La simple forma de ocupar el espacio nos da cuenta de las pequeñas historias de quienes lo habitan. En los centros escolares, los alumnos de la mañana son como un mar embravecido, cuyas olas inundan pasillos y escaleras, y su sonido es un bramido intermitente que te acompaña hasta el comienzo de la clase. Pisan fuerte, en territorio propio. Ocupan todo el espacio disponible, se llaman a voces desde lejos y componen verdaderas barricadas con las mochilas cargadas de libros, que transportan como soldados enviados a una alegre guerra. En contraposición, los alumnos de la tarde hablan en voz baja. Deambulan solitarios entre clase y clase. Ceden el paso, piden permiso con la mirada para abrir la puerta, la ventana, encender el ordenador o reclamar tu atención en clase. Son jóvenes todavía, pero hay, en casi todos, un aire de seriedad que les atraviesa.
Entre el bullicio de la mañana y la quietud de la tarde hay solo unos años de distancia, pero todo un abismo de experiencia.

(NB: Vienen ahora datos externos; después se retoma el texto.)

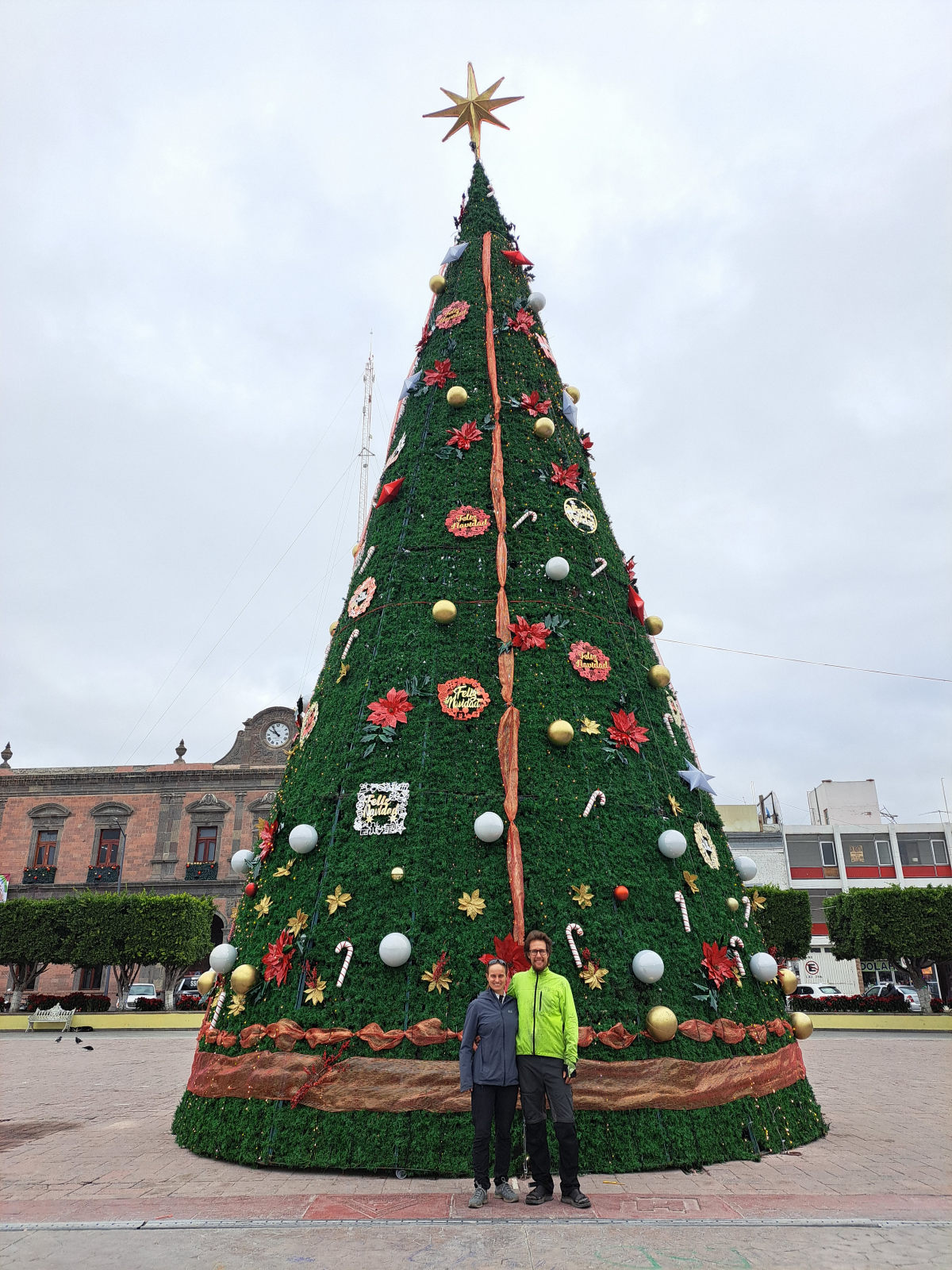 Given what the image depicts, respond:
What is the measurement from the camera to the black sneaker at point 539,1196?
14.0ft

Salieron de este centro o de otros similares cuando tenían dieciséis o diecisiete años. Se fueron atraídos por el canto de sirena de las ganancias fáciles, convencidos de que estudiar era perder el tiempo. Encontraron inmediatamente trabajo en talleres, oficinas o en empresas de la construcción. Trabajaban duro pero los fines de semana deslumbraban con sus coches relucientes y sus bolsillos repletos. Eran la envidia de sus antiguos compañeros de instituto que también se preguntaban si no era mejor colgar los libros y buscar ingresos que les permitieran comprar los brillantes objetos del deseo. Deslumbrados por el brillo del consumo, salieron del sistema educativo miles y miles de chicos ya que el negocio de la construcción era un mundo masculino. La historia del fracaso de las chicas -mucho menos numeroso- se suele escribir con letras de problemas familiares. Curiosamente, cuando se relatan las causas del enorme fracaso escolar de estos últimos años -especialmente en la baja cifra de estudiantes que acometían el segundo ciclo- nunca se habló de esta fiebre de ganancia que atravesó a toda la sociedad, ni de ese canto de sirenas que, a la puerta de los centros educativos, entonaba promesas de riqueza a los jóvenes que atravesaban sus puertas.

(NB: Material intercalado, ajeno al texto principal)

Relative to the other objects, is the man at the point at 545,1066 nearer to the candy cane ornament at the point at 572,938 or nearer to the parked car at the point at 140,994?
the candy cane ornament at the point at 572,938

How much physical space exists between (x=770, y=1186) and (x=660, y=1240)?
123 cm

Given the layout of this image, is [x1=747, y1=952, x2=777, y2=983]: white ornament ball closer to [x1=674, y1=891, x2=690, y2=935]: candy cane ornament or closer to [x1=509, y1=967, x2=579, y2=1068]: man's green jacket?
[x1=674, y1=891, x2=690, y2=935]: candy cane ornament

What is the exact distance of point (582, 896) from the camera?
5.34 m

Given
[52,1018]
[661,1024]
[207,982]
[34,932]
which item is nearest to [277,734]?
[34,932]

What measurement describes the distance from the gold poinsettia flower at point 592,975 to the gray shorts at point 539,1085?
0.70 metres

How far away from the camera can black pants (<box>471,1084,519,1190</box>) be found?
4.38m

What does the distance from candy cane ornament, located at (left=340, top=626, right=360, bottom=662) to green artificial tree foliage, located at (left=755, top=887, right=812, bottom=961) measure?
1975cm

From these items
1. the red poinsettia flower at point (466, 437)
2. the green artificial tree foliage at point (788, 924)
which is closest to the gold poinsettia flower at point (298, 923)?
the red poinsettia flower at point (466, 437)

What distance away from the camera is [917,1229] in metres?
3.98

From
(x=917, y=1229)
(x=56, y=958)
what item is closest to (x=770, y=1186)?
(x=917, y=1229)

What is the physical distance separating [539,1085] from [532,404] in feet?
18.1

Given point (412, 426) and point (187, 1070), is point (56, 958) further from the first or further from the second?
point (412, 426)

En cuatro o cinco años, estos jóvenes han vivido el éxito, la capacidad de consumo, la confianza en su destino para pasar, de forma brusca, al desconcierto, el descenso laboral o el paro. No cuentan nada de su experiencia vital. Es posible que se sientan derrotados, o al menos eso parecen decir con la mirada, pero creo que hace falta mucho valor, mucha determinación para volver donde empezaron; retomar los libros, cuando se ha perdido la vieja costumbre de estudiar y aceptar con modestia la incomodidad de este nuevo aprendizaje con sus jerarquías de tiempos, de liturgias y de exámenes.

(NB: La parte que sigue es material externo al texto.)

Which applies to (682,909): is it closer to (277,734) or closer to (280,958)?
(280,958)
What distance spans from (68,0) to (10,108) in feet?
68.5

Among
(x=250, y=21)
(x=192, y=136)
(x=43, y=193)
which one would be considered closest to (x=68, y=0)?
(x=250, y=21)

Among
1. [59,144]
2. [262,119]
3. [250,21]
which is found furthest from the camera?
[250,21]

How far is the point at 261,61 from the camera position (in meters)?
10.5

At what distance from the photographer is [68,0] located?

No se han publicado los datos generales pero, al parecer, se han disparado las matrículas de mayores de dieciocho años en todos los ciclos educativos. Llegan alumnos de todos los lugares y sectores para obtener el título de ESO que, en su momento, no consideraron importante; para completar los ciclos formativos o terminar ese maldito bachiller que se quedó a medias. Tienen, en su mayoría, veintitantos años y un cierto aire de derrota, pero suponen una pequeña esperanza de futuro. Los veo redactar seriamente las preguntas del examen. Es de noche y la lluvia azota los cristales del aula. Por un momento me ha parecido estar en un barco que atraviesa heroicamente una tormenta.